According to Hinduism, pāpa (sin) is a concept that is tied to the cycle of rebirth (samsara). Hindu texts mention various categories of sins such as the five greatest sins (maha patakas), foremost sins (ati patakas), secondary sins (upa patakas), and minor sins (prasangika patakas).

== Cycle of birth and death ==
As per Hindu texts, every action (kriya) of a living being (karta) leads to a reaction and an associated result, which forms the concept of karma. Every transgression, or demerit, signifying deeds or intentions that transgress moral and spiritual laws, results in negative karma called papa, while good deeds earn punya. As per Bhagavad Gita, a atman (soul) spends time in the svarga (heaven) for the good deeds and is cast back into earth to take a life form (jiva). As long as sins are committed, the cycle of rebirth (samsara) continues.

== Sins ==
Manusmriti also mentions five greatest sins (maha patakas) - Brahmahatya (killing a Brahmin or a learned person), surapana (usage of alcohol or intoxicating substances), steya (stealing), guruvanganagama (committing adultery with one's spiritual teacher's wife), and mahapata kasamsarga (associating with those who have committed any of the above four sins). There are other activities (anu patakas) which are mentioned as equivalent to committing these five great sins which include murder of a menstruating or pregnant woman, killing of a kshatriya or one who has given a sacrifice, causing harm to a child or causing an abortion, betraying a friend, embezzling land and property, and having incestuous relationship with an elder or friend's spouse. Texts also mention foremost sins (ati patakas), which include crimes that are punished with the highest penalty such as having sex with one's mother, daughter, or daughter-in-law.
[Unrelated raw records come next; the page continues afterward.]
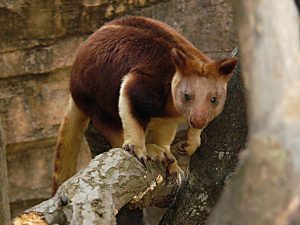 Tree Kangaroo Facts | Follow Me For Tree Kangaroo Diet & Habitat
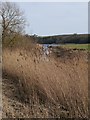 NT9551 : Reedbed Beside The River Tweed by James T M Towill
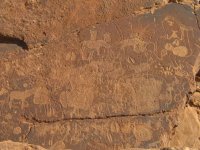 animaux gravés à Twyfelfontein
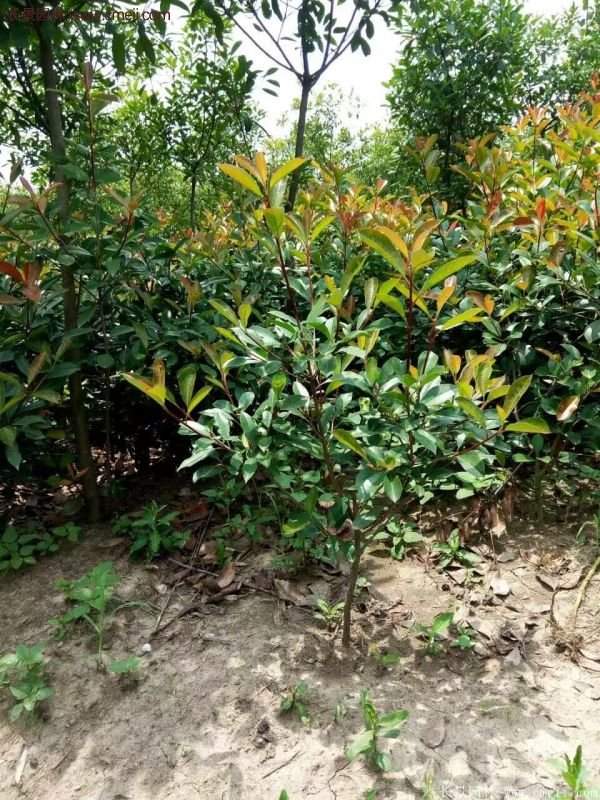 沭陽(yáng)基地的紅葉石楠苗 沭陽(yáng)基地的紅葉石楠苗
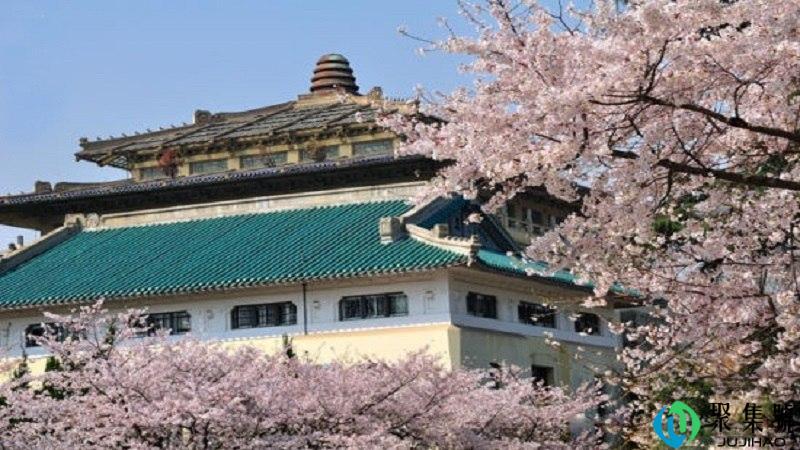 武大樱花什么时候开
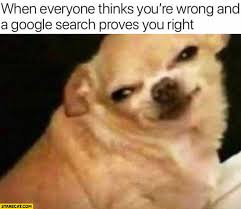 When Everyone Thinks You Re Wrong And A Google Search Proves You Right Dog Starecat Com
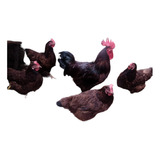 Ovos Galados Rhode Island Red (promoção)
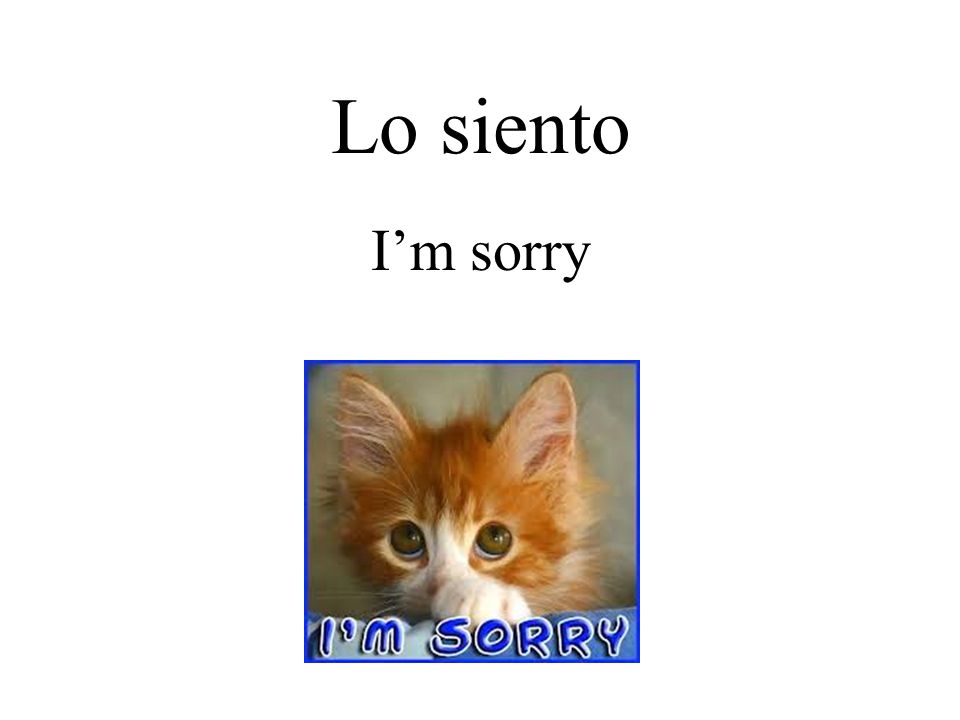 Lo siento I’m sorry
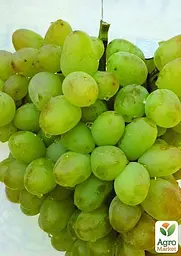 Саджанець Agro-Market Виноград Монарх (ранньо - середній, дуже велика ягода) 1 шт. в пакуванні (20043) - мініатюра 3
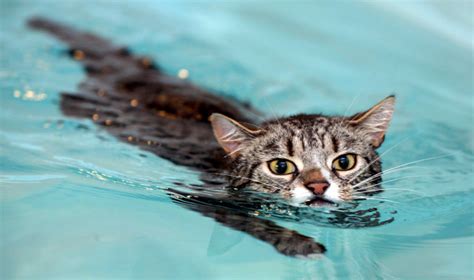 Cats Taking A Swim Katliterary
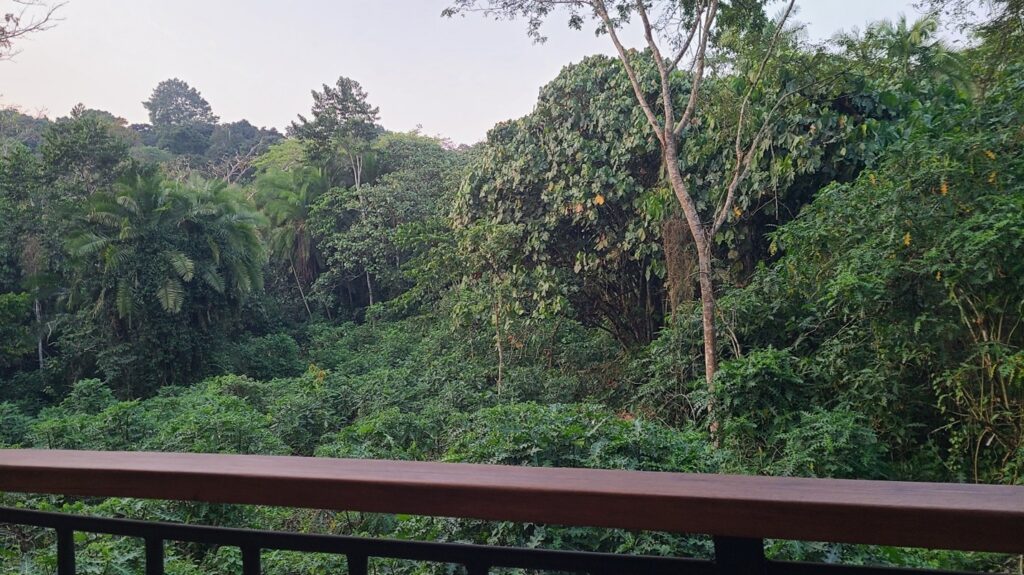 View from Turaco Treetops Lodge cottage balcony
Texts also mention various secondary sins (upa patakas), and minor sins (prasangika patakas). Secondary sins include practices like adultery, perjury, selling alcohol and intoxicating substances, angering one's guru, disbelief in god, not performing a sacrifice or performing a sacrifice or prayer for an unworthy person or cause. Minor sins include those committed intentionally or unintentionally, with more than fifty such sins listed in the texts. These include abandoning the wife, studying forbidden texts, not caring for the parents, accepting gifts without sacrifices, killing other creatures, amongst others.

==Traits==

Hindu texts mention various things that are not themselves sin but drive people to sin themselves. Arishadvargas (six enemies) are the six enemies of the mind listed in Hindu texts. These are kama (desire), krodha (anger), lobha (greed), mada (ego), moha (attachment), and matsarya (jealousy). These six traits are considered negative characteristics that lead to commit sins and prevent humans from attaining moksha (liberation).

== Punishment and atonement ==
The Hindu texts mention various punishments for various sins, apart from suffering in naraka (hell) in the afterlife and subsequent rebirth. However, there were differences in terms of the quantum and application of punishments based on the varnas (social classes). One has to either feel remorse (paścātāpa) or atone for the sins committed (prāyaścitta). Texts also give various means by which one can atone for the sins committed. These include public confession (abhishasta), prayer to god and chanting mantras, visiting pilgrimage sites and taking holy dip in sacred rivers, performing rituals, austere living and virtuous conduct, attaining knowledge (gnana), self control and meditation, obtaining blessings of saints, gurus or elders, and giving charity (dhana).